Fetch data for 28 days to stay within quota by hugovk · Pull Request #45 · hugovk/top-pypi-packages (original) (raw)
29 days uses too much quota:
from google.cloud import bigquery
Construct a BigQuery client object.
client = bigquery.Client()
client = bigquery.Client.from_service_account_json("pypinfo-key.json")
job_config = bigquery.QueryJobConfig(dry_run=True, use_query_cache=False)

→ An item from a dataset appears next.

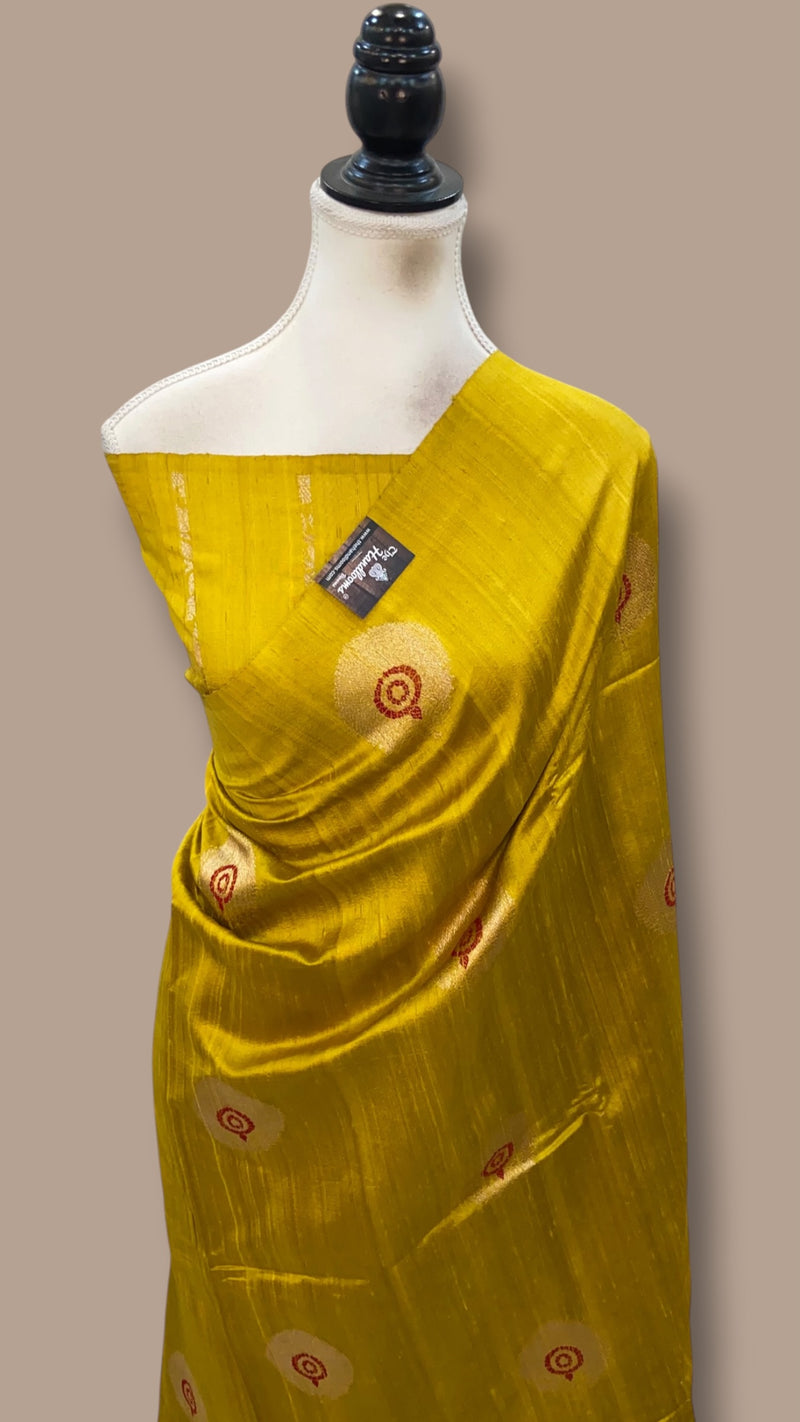 Pure Raw Silk Handloom Banarasi Saree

Start the query, passing in the extra configuration.
query_job = client.query(
(
"""
SELECT
file.project as project,
COUNT(*) as download_count,
FROM bigquery-public-data.pypi.file_downloads
WHERE timestamp BETWEEN TIMESTAMP_ADD(CURRENT_TIMESTAMP(), INTERVAL -30 DAY) AND TIMESTAMP_ADD(CURRENT_TIMESTAMP(), INTERVAL -1 DAY)
GROUP BY
project
ORDER BY
download_count DESC
LIMIT 15000
"""
),
job_config=job_config,
) # Make an API request.
A dry run query completes immediately.
print( f"This query will process {query_job.total_bytes_processed:,} bytes or" f" {query_job.total_bytes_processed / 2**40:.2f} TiB." )
❯ p dry-run.py This query will process 1,125,717,300,161 bytes or 1.02 TiB.
Reducing by a day, -30
->-29
for a 28 day period should be okay:
❯ p dry-run.py This query will process 1,084,266,719,315 bytes or 0.99 TiB.